Coach in a Box is a true community; I belong and it feels like coming home
During my time there I worked for two different government departments as a teacher, trainer and counsellor, and also as a consultant and manager. Just under half the population are Indigenous Australians and the nature of my work meant this was my main target group. There are several descriptors I can apply to my work and life there. They present as words or phrases but each one holds many stories which have also become my story. They are: respectful and reverent, deeply humbled, confronted by the reality of dispossession and alienation, eyes opened, embracing diversity, sacredness of land, sense of belonging, meaning of family, cultural and traditional understandings, spirituality, and the strong sense of being so very privileged to be accepted as a non-Indigenous person.

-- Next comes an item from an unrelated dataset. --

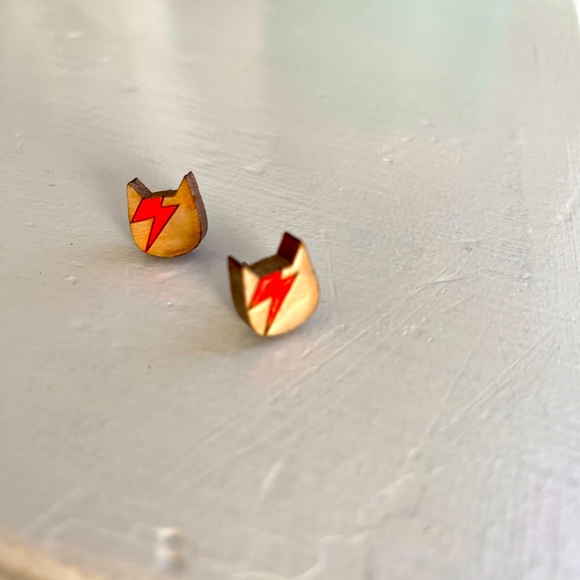 Bowie Cat Earrings 🐱 ⚡️ - Picture 3 of 3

It is the essence of these stories that led me into coaching. The more I immersed myself into my work with Indigenous people the more I became dissatisfied with the policies, bureaucratic structures and expectations of the government departments I worked for. They began to stifle my creativity and put boundaries around my vision. In my search for ‘another way’ I discovered coaching and through training and becoming accredited I identified closely with the core purpose of this process: the belief that too often when taking that next step we focus on what needs to get done, without looking at who we need to become, in order to really make it.

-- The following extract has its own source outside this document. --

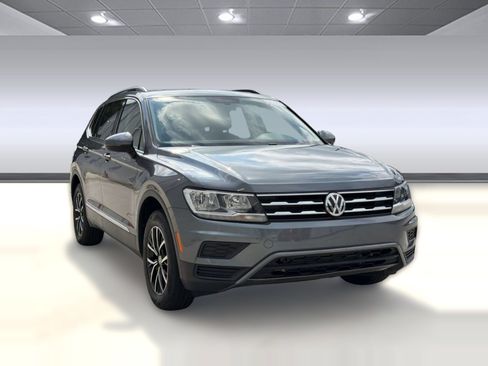 Used 2021 Volkswagen Tiguan SE w/ Panoramic Sunroof Package FWD image 7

My own journey into coaching reflects this belief. I asked myself the question: “Are you going to continue to accept mediocrity or are you going to change something about who you are to enable you to step up?” In 2008 I met Nicola Palk at the Kimberley Education Regional Office and in a meeting that was in no way coincidental we discovered some commonalities: coaching, education and partnering to develop Indigenous leadership. Even better Nicola spoke my language which is what I love about working in the Coach in a Box community. She asked me if I would be interested in working with the company and I realized I had come to the fork in the road; my choice point. After very little deliberation I resigned from my government job (I felt like a bird released from its cage), started working with Coach in a Box in 2009, became an Associate in 2010 and truly haven’t looked back. Coach in a Box has enabled me to grow as a person, I am joyously challenged and fulfilled by a wide variety of clients which includes many in the corporate sector as well as in education and I have been able to realize my vision of developing a partnership to design and deliver the Stronger Smarter Coaching Program. Over and above this, Coach in a Box is a true community in every sense of the word; I belong and it feels like coming home.